A volunteer group known as the
Twin Cities Paranormal Society claims to have evidence that several buildings in the Twin Cities are indeed haunted.
"We go in and investigate and see what we can find that would be a normal explanation for what's going on," said group founder Michelle Bays. "And if not, whatever's left over we deem as paranormal."
One of the buildings where the group says it repeatedly detected paranormal activity is a Minneapolis art gallery known the
Soap Factory. It's a structure built in 1883, in the old milling district.
From 1937 to 1990, it contained scores of dead animals, used to make soap at the National Purity Soap and Chemical Factory. Before that, another manufacturing facility sat on the same site, turning out artificial limbs for soldiers wounded in the Civil War.
Tam Prose of the Paranormal Society will never forget one of her first visits.
"Coming up the stairs from the basement, I thought I had another team member coming up behind me. I turned around and there was nobody there," said Prose. "And that happened to another one of our investigators shortly after that."
On Bay's first visit, she and a friend were checking out the artwork on the walls, when she says she heard what sounded like a human voice.
"And all of a sudden I hear this (breathing sound) like right in my ear, and I turned around expecting my friend to be right there, and he was still way over across the room," she said.

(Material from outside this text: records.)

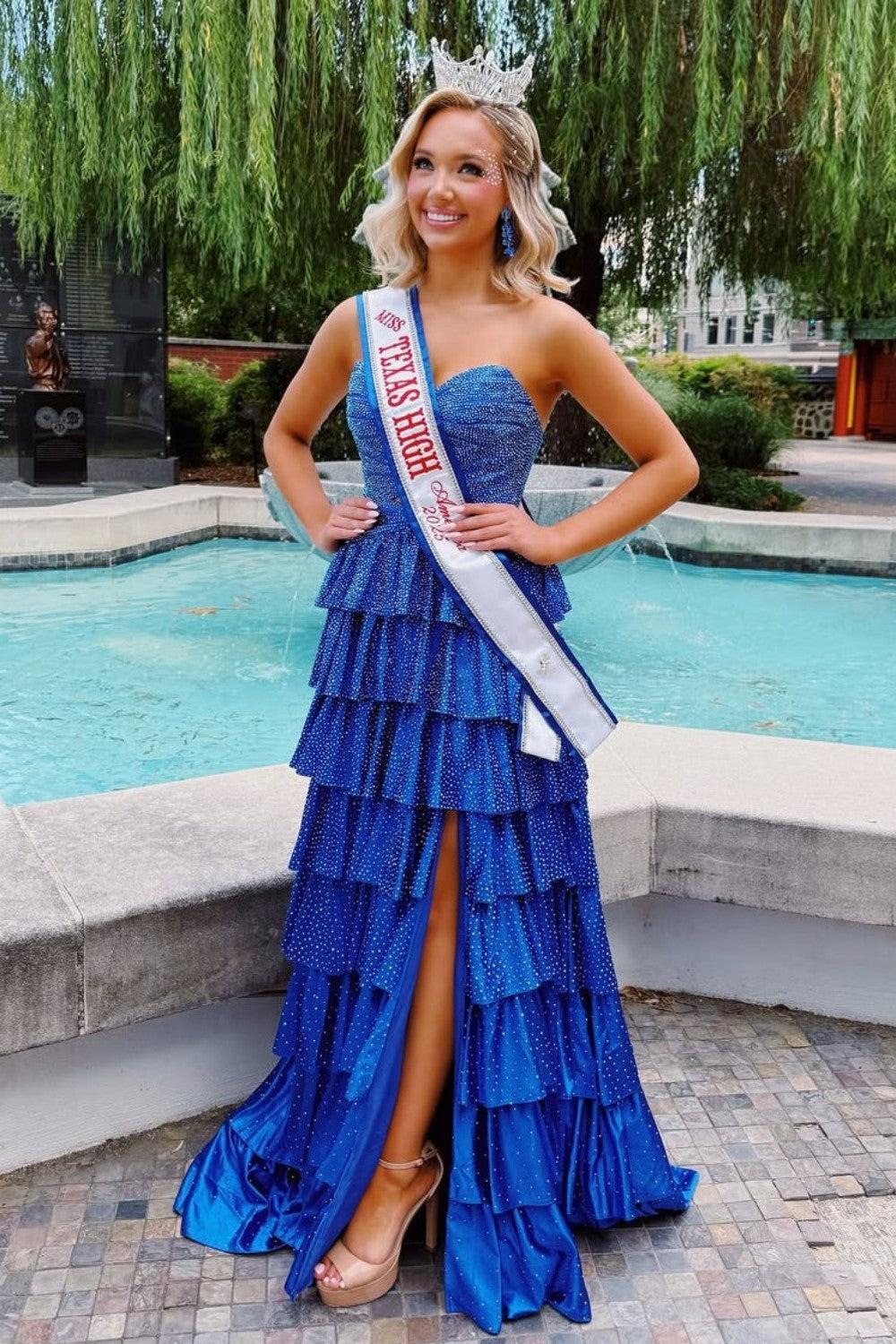 Suzhoufashion Strapless Hot A-Line Prom Dress With Keyhole Bodice Ruffle Skirt Slit And Lace Up Back Formal Evening Gown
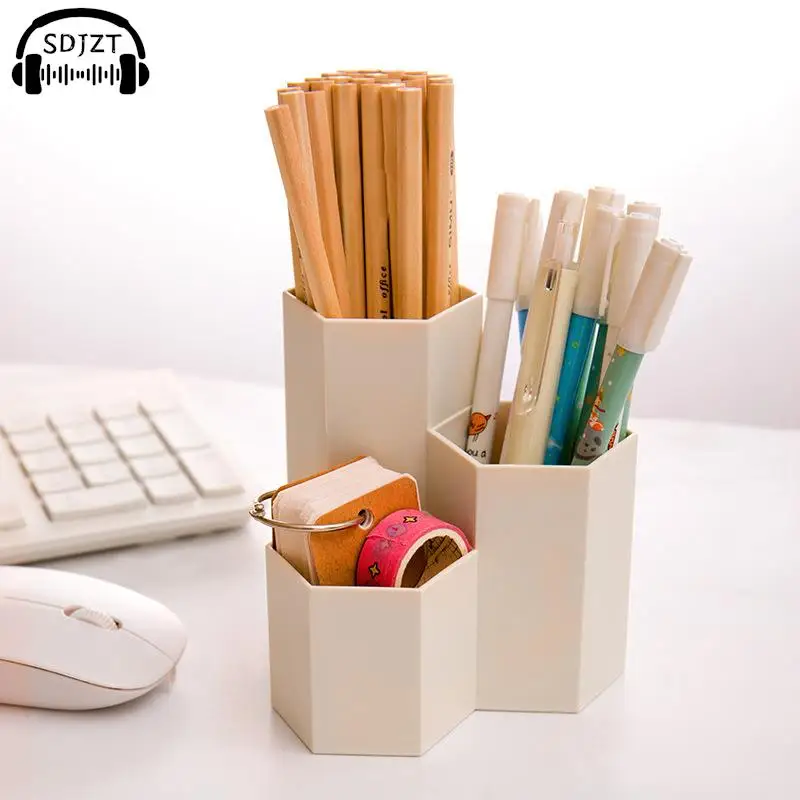 حامل قلم العسل بلوري بسيط ، سعة كبيرة ، مكتب متعدد الوظائف ، صندوق تخزين القرطاسية ، اكسسوارات المكتب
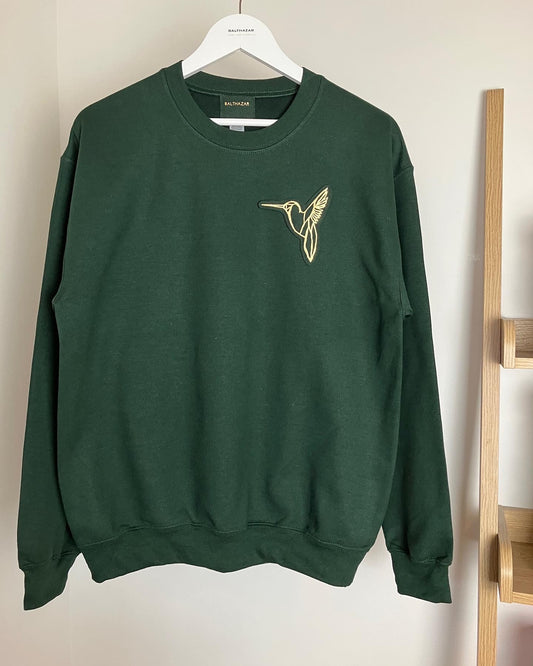 Origami Hummingbird sweatshirt - textured metallic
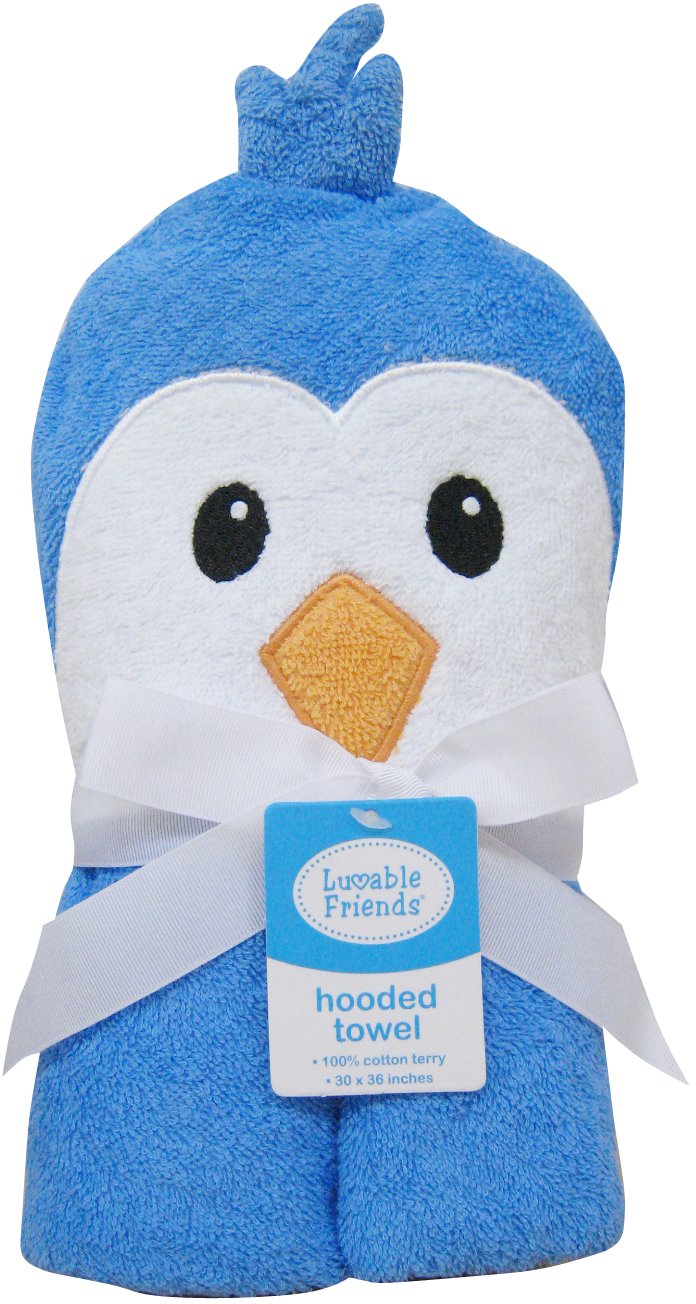 Luvable Friends Animal Face Hooded Towel, Blue Penguin - $19.95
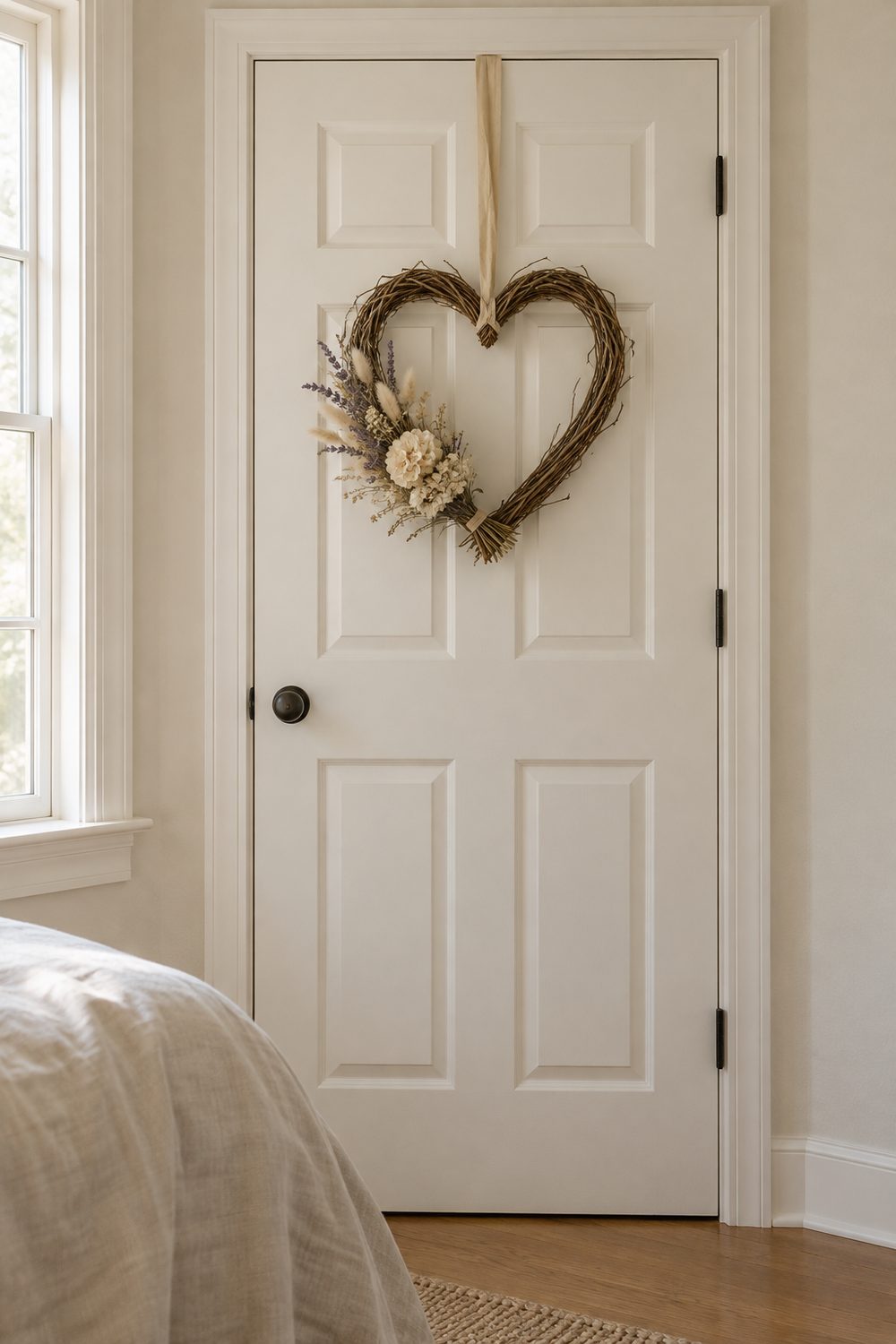 Heart shaped grapevine wreath with cream dried florals and lavender hanging by ribbon on a white bedroom door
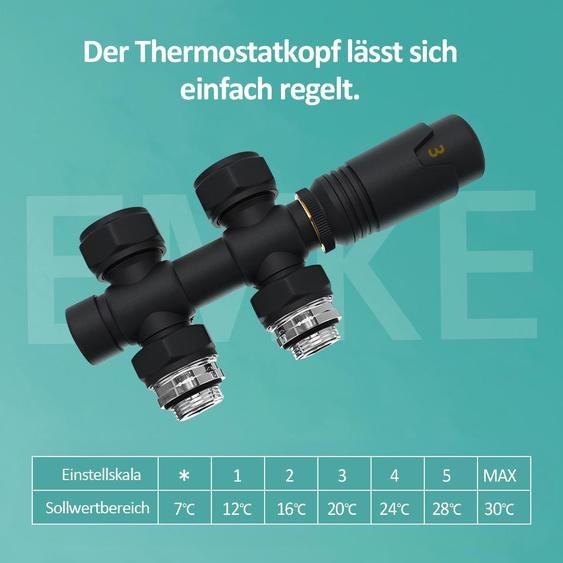 EMKE Thermostat de radiateur Set multibloc Robinetterie de raccordement avec thermostat pour radiateurs forme de passage 16xG1/2 et 15xG1/2 Noir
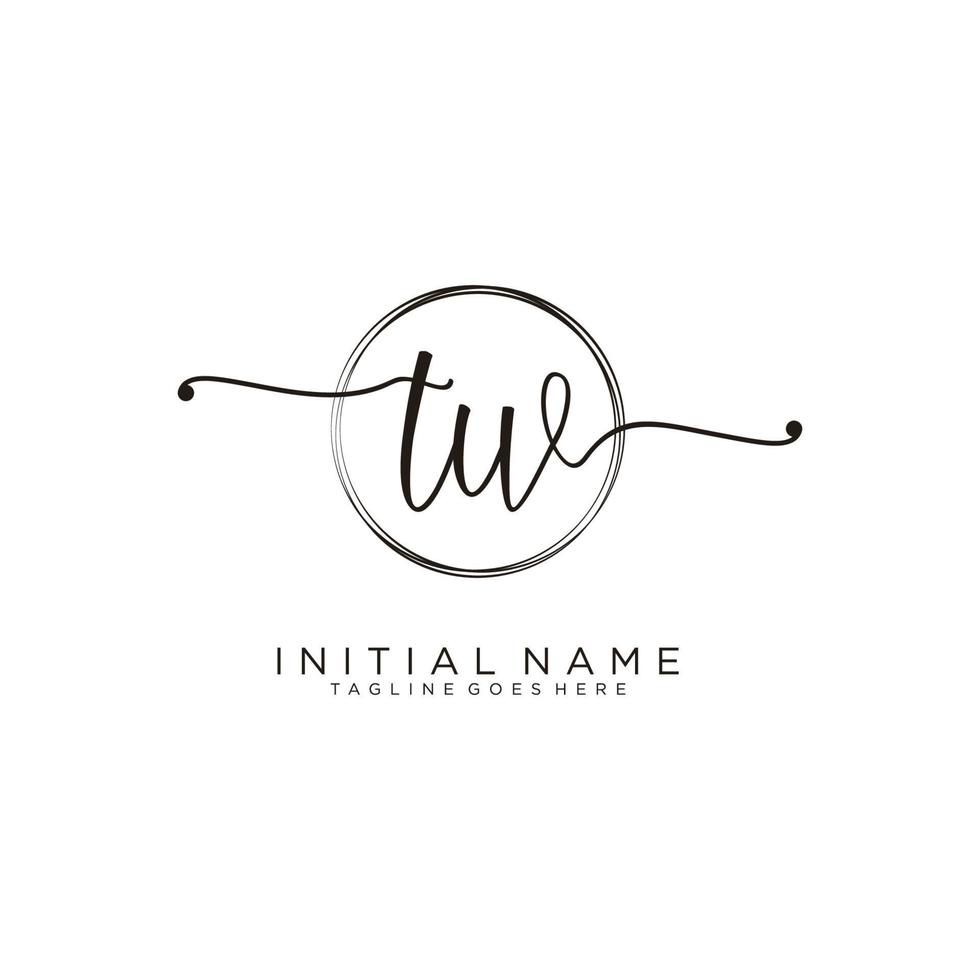 Initial TW feminine logo collections template. handwriting logo of initial signature, wedding, fashion, jewerly, boutique, floral and botanical with creative template for any company or business. vector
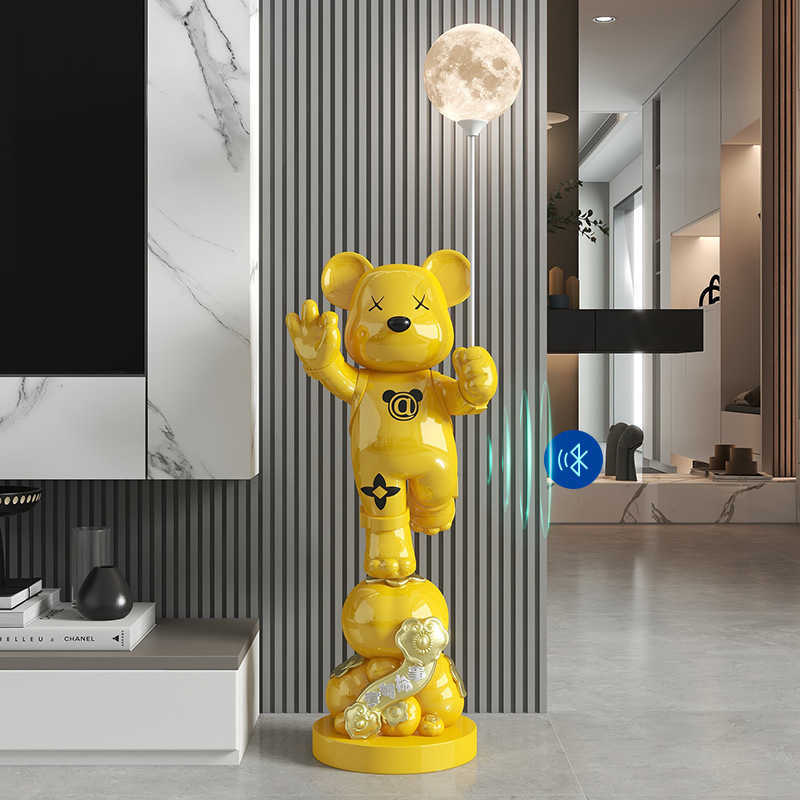 Voice Activated Lamps Violent Bear Speaker Floor Decoration for Living Room Sofa TV Cabinet Office Decor - L250327 w250428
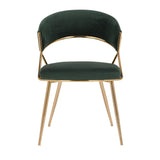 Jie Glam Dining Chair in Gold Steel and Green Velvet by LumiSource - Set of 2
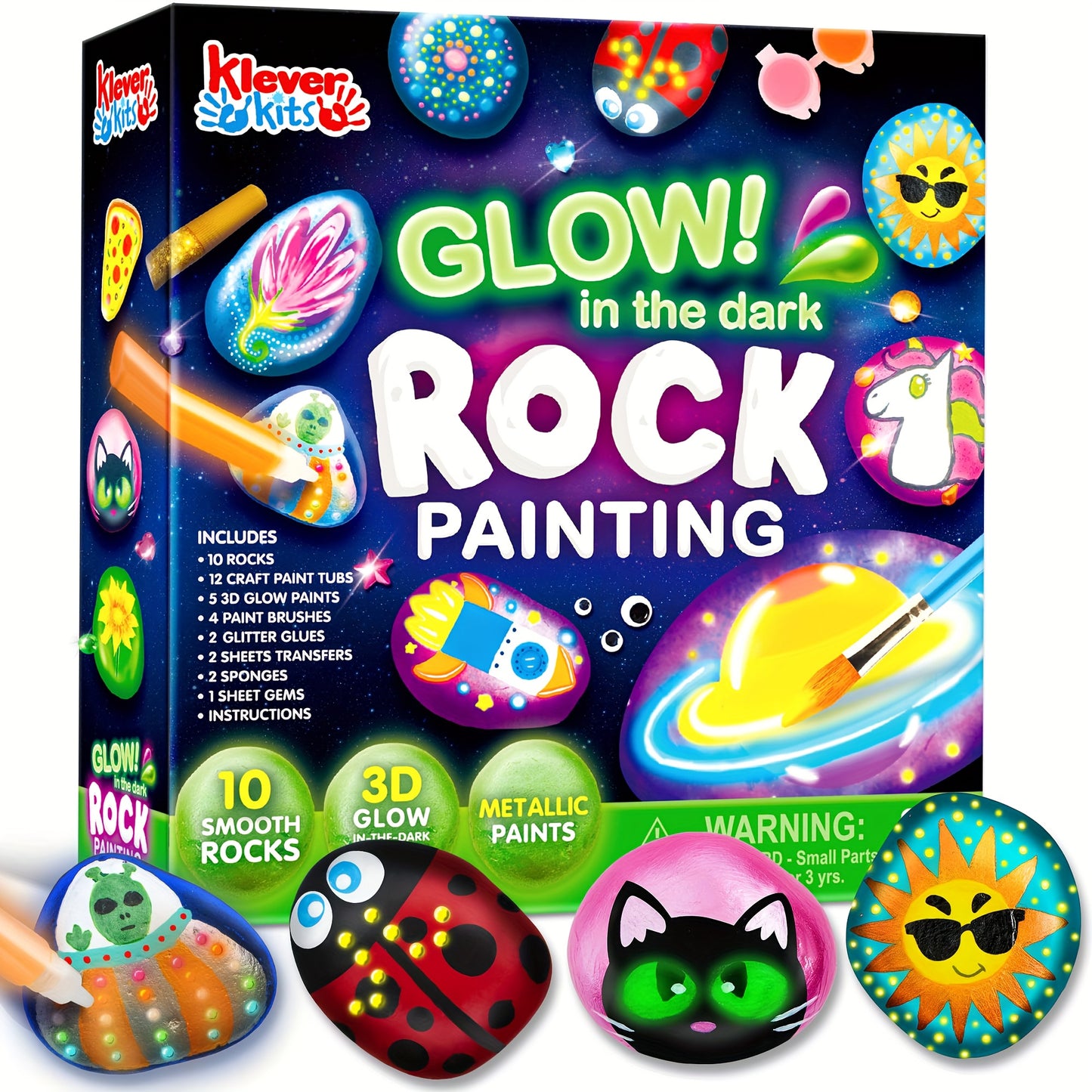 Glow In The Dark Rock Painting Kit For Kids 6 To 12 DIY
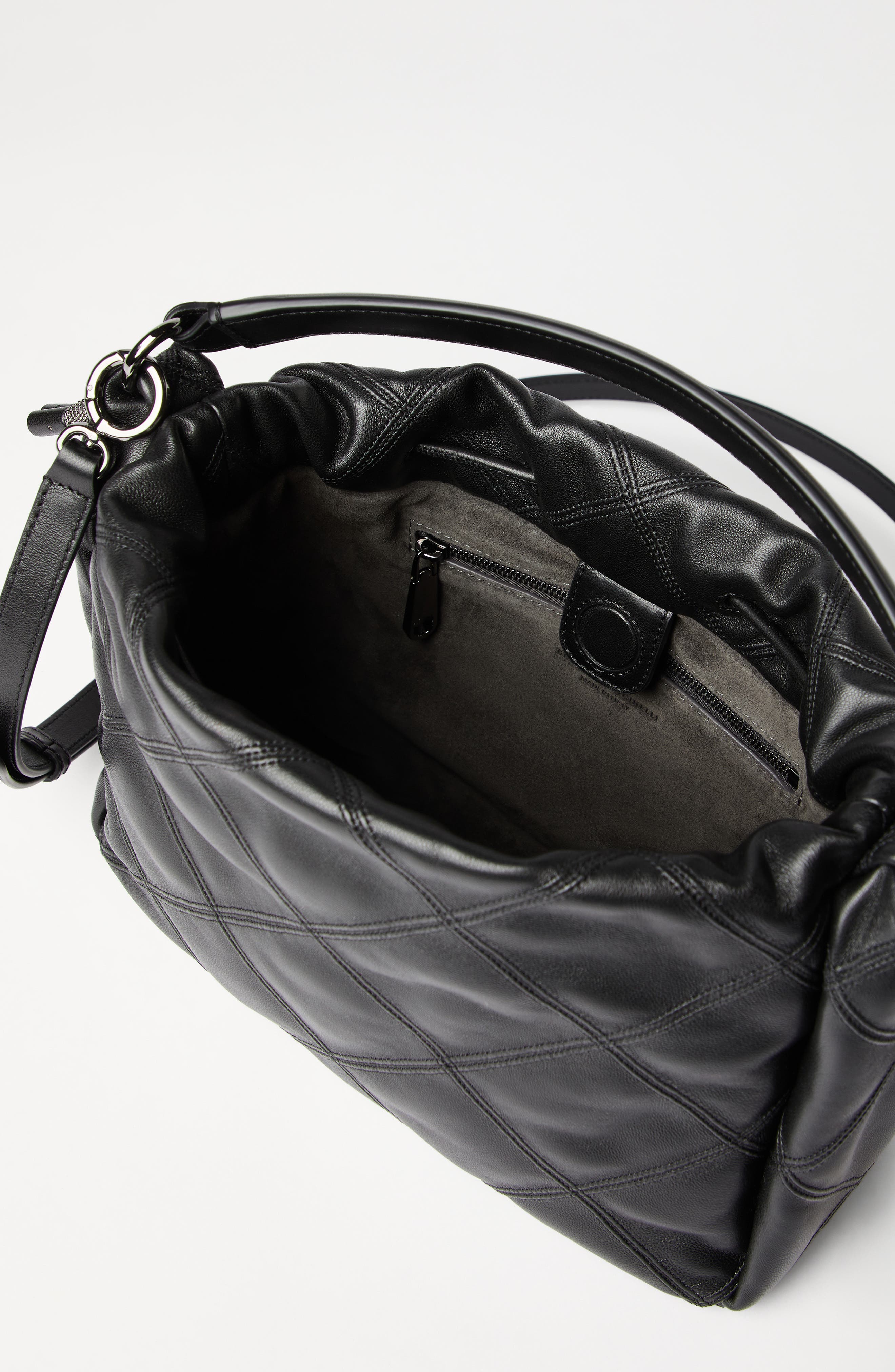 Brunello Cucinelli Small Nappa Bucket Mellow bag, Alternate, color, Black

The Paranormal Society uses digital voice recorders, cameras, and other devices designed to measure room temperatures and electromagnetic fields.
"I would say we've got at least three or four different voices on the recordings that we've found so far (in the Soap Factory)," said Bays.
Will Ventling, another member of the Paranormal Society, played a recording of what sounds like a child's voice saying "I'm cold." He said the voice appeared as they were setting up their investigation in the building's basement.
Each October, the Soap Factory takes advantage of its haunted designation, hosting heart-pounding tours of its basement. The executive director, Ben Heywood, says he's never really seen any ghosts there.
"I don't find it that spooky because I spend a lot of time in this building," he said, "But for people who don't know this building well, it's a spooky old castle."
The Twin Cities Paranormal Society will take on about 20 or 25 investigations in the metro area each year. Prose handles most of the calls.
"More often than not, the first thing they say is, 'You're going to think I'm crazy.' If that's the case, then I'm probably crazy for doing what I'm doing," said Prose. "But I really feel that there is something out there beyond our world that we live in right now."
The Twin Cities Paranormal Society does not get paid for its investigations. It relies on donations and dues from its own members.